Колзаков помолчал, глядя перед собой невидящими глазами, потемневшими от нехороших воспоминаний.
— Кормили отвратительно, воду пить давали сырую… Ох и переболели мы все! Чем только можно: и лихорадкой, и чирьями, и лишаем каким-то от грязи. Животом мучились все поголовно… Вот только тифом почему-то никто не заразился — видно, не водились в том гиблом месте тифозные вши. Я не слишком подробно рассказываю? — спохватился Колзаков и смущенно улыбнулся.
— Продолжайте, Николай Иванович, очень интересно, — благожелательно проговорил Горецкий.

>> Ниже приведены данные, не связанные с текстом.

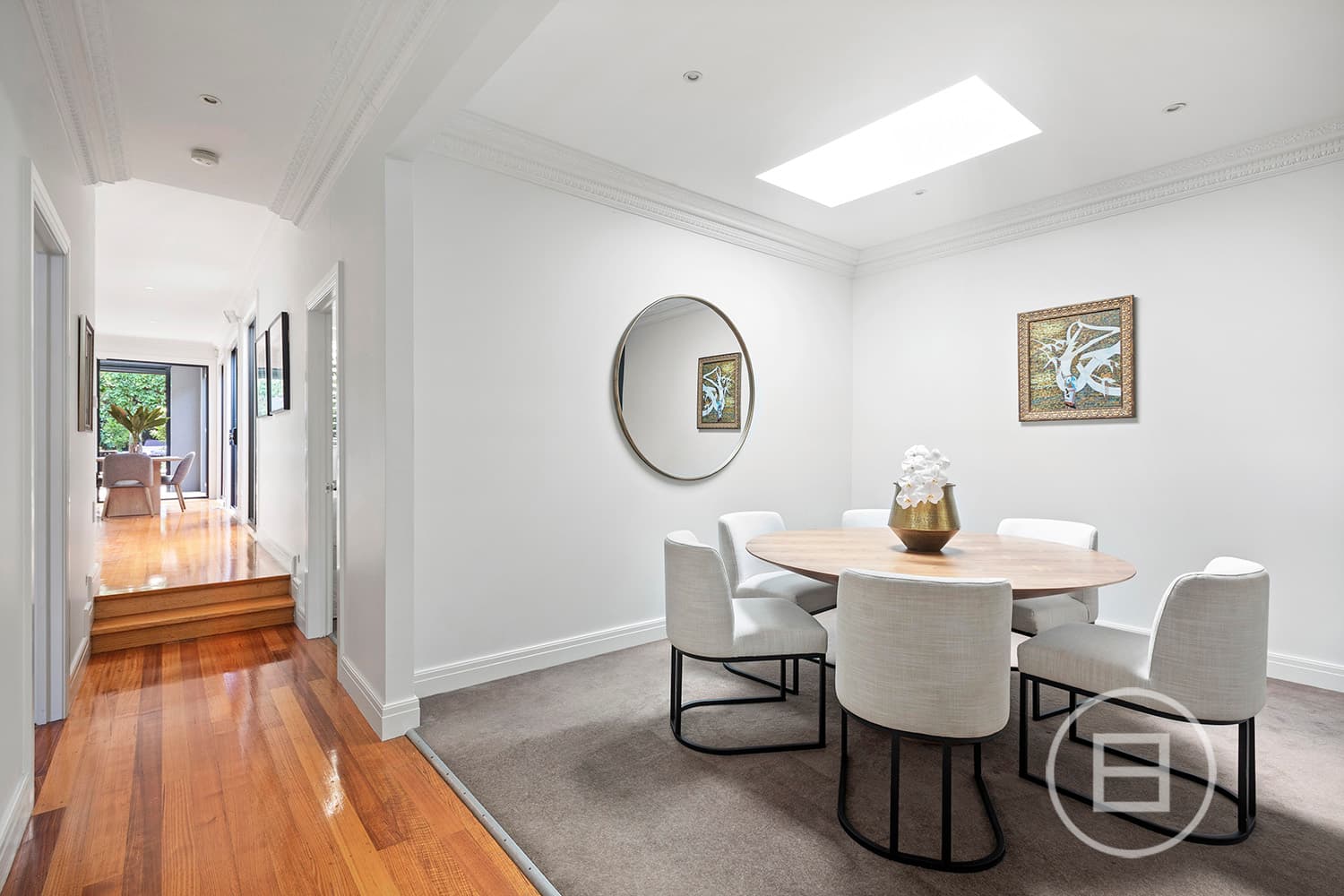 36 Alice Street, MALVERN, VIC, Malvern - Thumbnail 8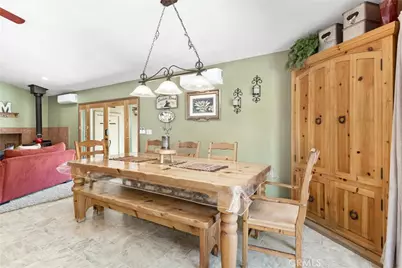 30260 San Timoteo Canyon, Redlands, CA 92373 - Photo 17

«Интересно ему, — с неожиданной злобой подумал Борис, — интересно слушать, как люди в плену заживо гнили. Как ту, царскую, войну не сумели правильно вести, так и эту полностью проиграли. Эх, собрать бы всех генералов-подлецов да и посадить в такое Гиблое Болото, может, там бы они поумнели!»
— Ну, — продолжал Колзаков, — по-разному там люди проявлялись. Жизнь тяжелая, лишения, опять же — общий настрой. Вначале-то ждали, что разобьют проклятых австрияков, наши наступали. А потом, когда наступление провалилось, поняли, что ждать нечего, тут народ стал духом падать. Там, знаете, сразу видно: как перестал офицер мыться-бриться, на нарах целый день лежит, в потолок смотрит, так жди, что либо на товарищей бросится, либо вообще в отхожем месте повесится.